Sunday, February 9, 2014

Film Recommendation: Northanger Abbey

In EN 461, we are looking at the 19th century British novel with a focus on Gothic texts. Whenever I read a classic I try to find a version or two in the film-verse. This could be seen as odd, considering that I am of the firm opinion that the book is almost always better than the movie. However, I will share a little secret with the world: seeing a story acted out makes it easier to understand. Shocker, I know. Reading and watching are two very different things, though. Shakespeare's works were meant to be performed and, while Jane Austen is not known for her plays—nor, I find, are most romantic authors from that era (with the possible exceptions of Coleridge and Byron)—any thick text can be better understood when put together in an audio-visual format. This isn't me proudly advocating those two types of learning, especially since I myself am more within the school of reading/writing. Even so, it can be difficult to grasp the full extent of a novel in one read-through...which is all a student usually has time for during busy college days.

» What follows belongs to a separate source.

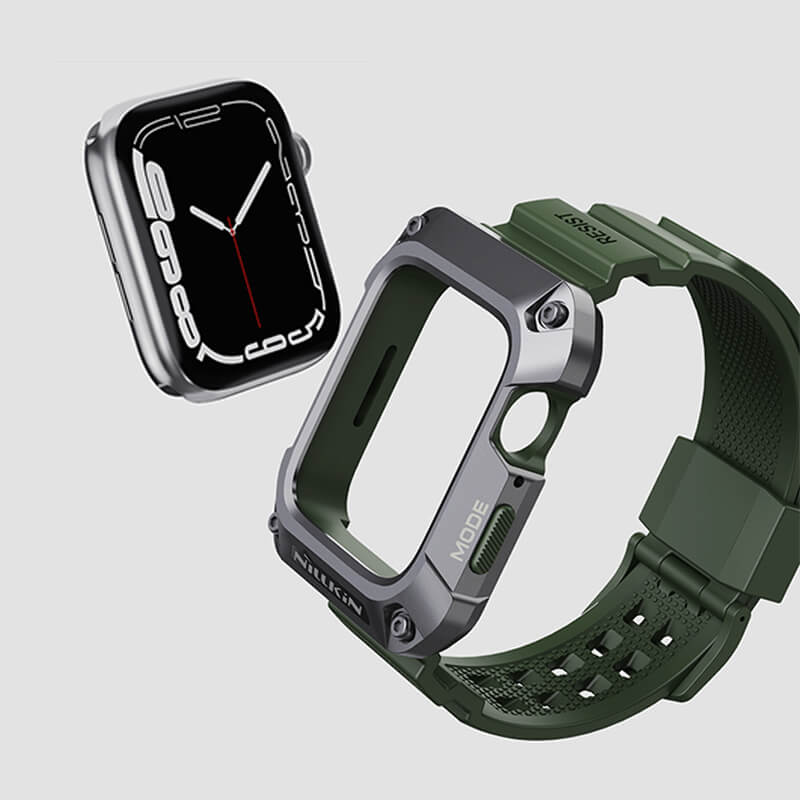 Apple Watch 45mm / Green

So, for Northanger Abbey, I chose to go for the 2008 made-for-TV movie. Departures from the original text were usually only slight and, in one or two cases, they actually benefited the plot. Character portrayals were surprisingly accurate just as the overall romantic-Gothic feel was appropriately accentuated without being overbearing.

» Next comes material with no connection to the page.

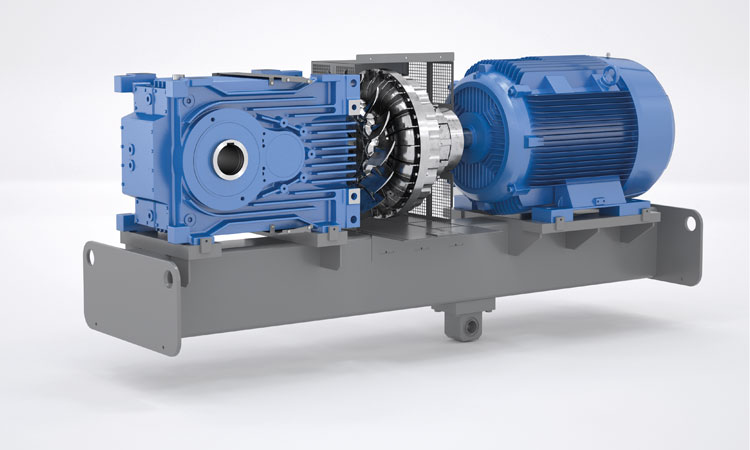 industrial gear units: Ideal for heavy-duty applications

Felicity Jones as head-in-the-clouds Catherine Morland.

One aspect that threw me off was The Mysteries of Udolpho. Austen has Catherine read this Ann Radcliffe novel throughout her own story; doing so helped make a case for the value of novels that were, at the time, viewed as second-class material. The screenwriter and director had Catherine's over-active imagination come to life so that viewers could get a glimpse into her headspace. This first occurs when Catherine is on her way to Bath with the Allens. The vision of two highwaymen pulling a heist on the carriage and making away with our non-heroine had me extremely confused and a little annoyed that perhaps the story was not being taken all that seriously. Later, though, I came to appreciate these little interruptions for what they actually supplied: insight. Without the use of narration or VO, the viewer is left pretty clueless as to how Catherine is feeling at any given time. When she meets Isabella and the latter lends her Udolpho, the characters Catherine envisions are played by real-life counterparts in her own life. This added layer aids the viewer's belief of Catherine's imaginative disposition that in turn makes her final row with Henry Tilney all the more convincing.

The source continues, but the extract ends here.